*SUPPLIED MATERIAL:*
▼
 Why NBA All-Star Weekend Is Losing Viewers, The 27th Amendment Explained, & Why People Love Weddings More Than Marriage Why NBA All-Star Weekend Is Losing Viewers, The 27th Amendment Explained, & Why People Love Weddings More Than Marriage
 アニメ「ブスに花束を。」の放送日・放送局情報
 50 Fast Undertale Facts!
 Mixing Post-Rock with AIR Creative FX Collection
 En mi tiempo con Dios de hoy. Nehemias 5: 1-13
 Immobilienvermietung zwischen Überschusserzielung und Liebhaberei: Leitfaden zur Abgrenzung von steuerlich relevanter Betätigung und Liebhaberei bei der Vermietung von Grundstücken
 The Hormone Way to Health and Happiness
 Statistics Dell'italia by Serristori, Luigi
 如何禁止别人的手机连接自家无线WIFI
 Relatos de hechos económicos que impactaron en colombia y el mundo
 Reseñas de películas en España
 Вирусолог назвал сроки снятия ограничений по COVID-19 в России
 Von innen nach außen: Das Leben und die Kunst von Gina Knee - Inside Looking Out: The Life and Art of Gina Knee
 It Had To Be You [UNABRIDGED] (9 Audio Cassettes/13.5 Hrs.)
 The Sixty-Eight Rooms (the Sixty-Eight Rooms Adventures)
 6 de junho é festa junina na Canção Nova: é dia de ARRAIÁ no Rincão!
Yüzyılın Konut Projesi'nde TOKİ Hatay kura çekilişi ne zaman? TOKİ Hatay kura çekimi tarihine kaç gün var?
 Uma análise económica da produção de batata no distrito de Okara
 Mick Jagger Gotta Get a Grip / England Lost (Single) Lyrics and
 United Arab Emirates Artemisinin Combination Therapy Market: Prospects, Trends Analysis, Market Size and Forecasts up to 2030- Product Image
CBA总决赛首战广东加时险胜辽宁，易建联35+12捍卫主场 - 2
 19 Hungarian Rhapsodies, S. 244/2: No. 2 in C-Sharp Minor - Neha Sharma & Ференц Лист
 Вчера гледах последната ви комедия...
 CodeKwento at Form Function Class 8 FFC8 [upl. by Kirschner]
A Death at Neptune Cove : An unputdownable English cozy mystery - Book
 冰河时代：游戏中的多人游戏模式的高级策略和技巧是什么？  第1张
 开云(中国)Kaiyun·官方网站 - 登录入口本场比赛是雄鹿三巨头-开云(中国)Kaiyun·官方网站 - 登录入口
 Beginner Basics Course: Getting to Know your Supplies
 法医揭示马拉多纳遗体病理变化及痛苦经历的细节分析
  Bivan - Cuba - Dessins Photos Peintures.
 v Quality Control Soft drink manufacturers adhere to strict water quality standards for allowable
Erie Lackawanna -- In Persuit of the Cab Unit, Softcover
▲
*WORK TO COMPLETE:*
The material above should be given again in full, exactly.

*TASK OUTPUT:*
 Why NBA All-Star Weekend Is Losing Viewers, The 27th Amendment Explained, & Why People Love Weddings More Than Marriage Why NBA All-Star Weekend Is Losing Viewers, The 27th Amendment Explained, & Why People Love Weddings More Than Marriage
 アニメ「ブスに花束を。」の放送日・放送局情報
 50 Fast Undertale Facts!
 Mixing Post-Rock with AIR Creative FX Collection
 En mi tiempo con Dios de hoy. Nehemias 5: 1-13
 Immobilienvermietung zwischen Überschusserzielung und Liebhaberei: Leitfaden zur Abgrenzung von steuerlich relevanter Betätigung und Liebhaberei bei der Vermietung von Grundstücken
 The Hormone Way to Health and Happiness
 Statistics Dell'italia by Serristori, Luigi
 如何禁止别人的手机连接自家无线WIFI
 Relatos de hechos económicos que impactaron en colombia y el mundo
 Reseñas de películas en España
 Вирусолог назвал сроки снятия ограничений по COVID-19 в России
 Von innen nach außen: Das Leben und die Kunst von Gina Knee - Inside Looking Out: The Life and Art of Gina Knee
 It Had To Be You [UNABRIDGED] (9 Audio Cassettes/13.5 Hrs.)
 The Sixty-Eight Rooms (the Sixty-Eight Rooms Adventures)
 6 de junho é festa junina na Canção Nova: é dia de ARRAIÁ no Rincão!
Yüzyılın Konut Projesi'nde TOKİ Hatay kura çekilişi ne zaman? TOKİ Hatay kura çekimi tarihine kaç gün var?
 Uma análise económica da produção de batata no distrito de Okara
 Mick Jagger Gotta Get a Grip / England Lost (Single) Lyrics and
 United Arab Emirates Artemisinin Combination Therapy Market: Prospects, Trends Analysis, Market Size and Forecasts up to 2030- Product Image
CBA总决赛首战广东加时险胜辽宁，易建联35+12捍卫主场 - 2
 19 Hungarian Rhapsodies, S. 244/2: No. 2 in C-Sharp Minor - Neha Sharma & Ференц Лист
 Вчера гледах последната ви комедия...
 CodeKwento at Form Function Class 8 FFC8 [upl. by Kirschner]
A Death at Neptune Cove : An unputdownable English cozy mystery - Book
 冰河时代：游戏中的多人游戏模式的高级策略和技巧是什么？  第1张
 开云(中国)Kaiyun·官方网站 - 登录入口本场比赛是雄鹿三巨头-开云(中国)Kaiyun·官方网站 - 登录入口
 Beginner Basics Course: Getting to Know your Supplies
 法医揭示马拉多纳遗体病理变化及痛苦经历的细节分析
  Bivan - Cuba - Dessins Photos Peintures.
 v Quality Control Soft drink manufacturers adhere to strict water quality standards for allowable
Erie Lackawanna -- In Persuit of the Cab Unit, Softcover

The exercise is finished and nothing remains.